How do you price the credibility of a law firm that has direct access to justices at the Constitutional or Supreme Court?

Or let’s be more specific: what is the worth of Dorian Matlija’s personal contact in Strasbourg, who once got the European Court to freeze a media ruling in record time for Lapsi.al? Is that worth €1? Or €1 million?

How can a tax inspector assess the value of that? What do they know of such markets?

Let’s push it further. Imagine a strategic consultant from Albania flying to Zug, Switzerland. There, he is hosted in a villa or even a castle by his personal friend—a financial dynasty heir—joined by two trusted aides. The Albanian consultant requests access to connect a local businessman with:

– construction markets in Germany and Spain;

– energy opportunities in South Africa;

– and the inner circles of global fiduciary firms that manage the dynasty’s empire.

What’s the price of access to this kind of power?

A flight ticket to Switzerland with hotel and meals?

Seriously?

How on earth could a local tax inspector—or a district prosecutor—value that?

These people likely don’t even know such markets exist. They’re not trained to read those layers.

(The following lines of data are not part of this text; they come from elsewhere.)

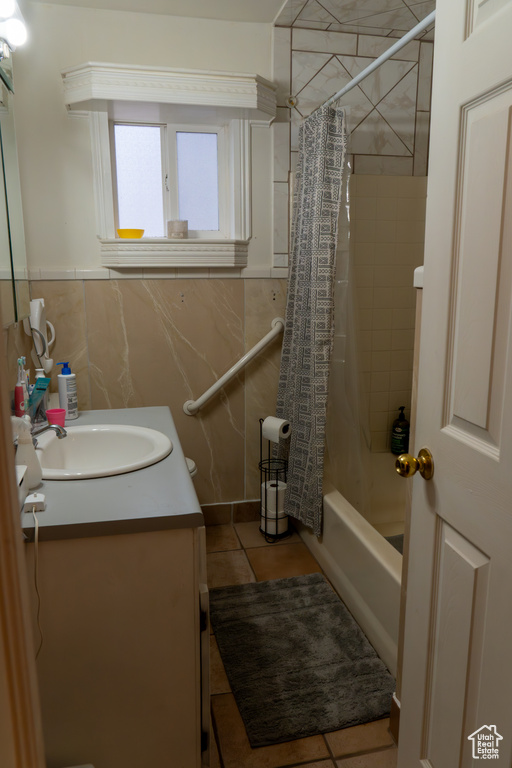 Bathroom with shower / tub combo with curtain, vanity, tile walls, and tile patterned floors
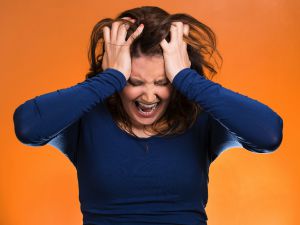 Stressed woman pulling hair SMALL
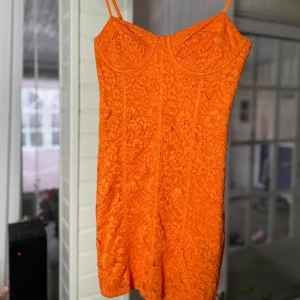 Orange spetsklänning - Säljer en superfin orange klänning i spetsmaterial. Passform som verkligen framhäver figuren. Perfekt för sommarens fester eller en utekväll med vänner. Klänningen är kort och har en härlig, livfull färg🧡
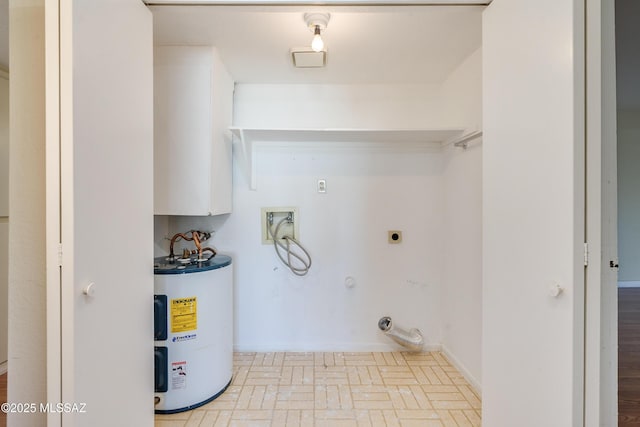 clothes washing area featuring gas dryer hookup, brick floor, hookup for an electric dryer, water heater, and washer hookup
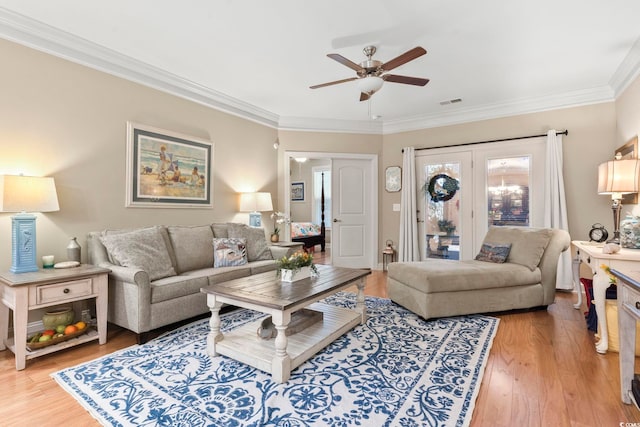 living room with ornamental molding, hardwood / wood-style floors, and ceiling fan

Because in these domains, the consultant sets his own value. He may tell the businessman:

“I want 50% of everything you earn through this new venture.”

Or he might say 20%. Or 7%. Or charge a hefty monthly fee.

There is no spreadsheet that can measure access to someone’s drawing room—especially when that someone doesn’t even receive Prime Minister Edi Rama in his house, only in his office.

These are the invisible economies of Western business logic, completely alien to Albania, where even hydrocarbon contracts are analyzed through the brain of a tax auditor who in February investigates Bankers, and by July is chasing dairy cans without receipts.

 

Chapter 2 – Who is Loni, really?

Around 2014, then-Energy Minister Damian Gjiknuri summoned two or three of his trusted people, handpicked for a mission directly authorized by Prime Minister Edi Rama.

“We want to know how much Bankers is really skimming. The Prime Minister wants the real figure, so we know where we stand,” Gjiknuri told them.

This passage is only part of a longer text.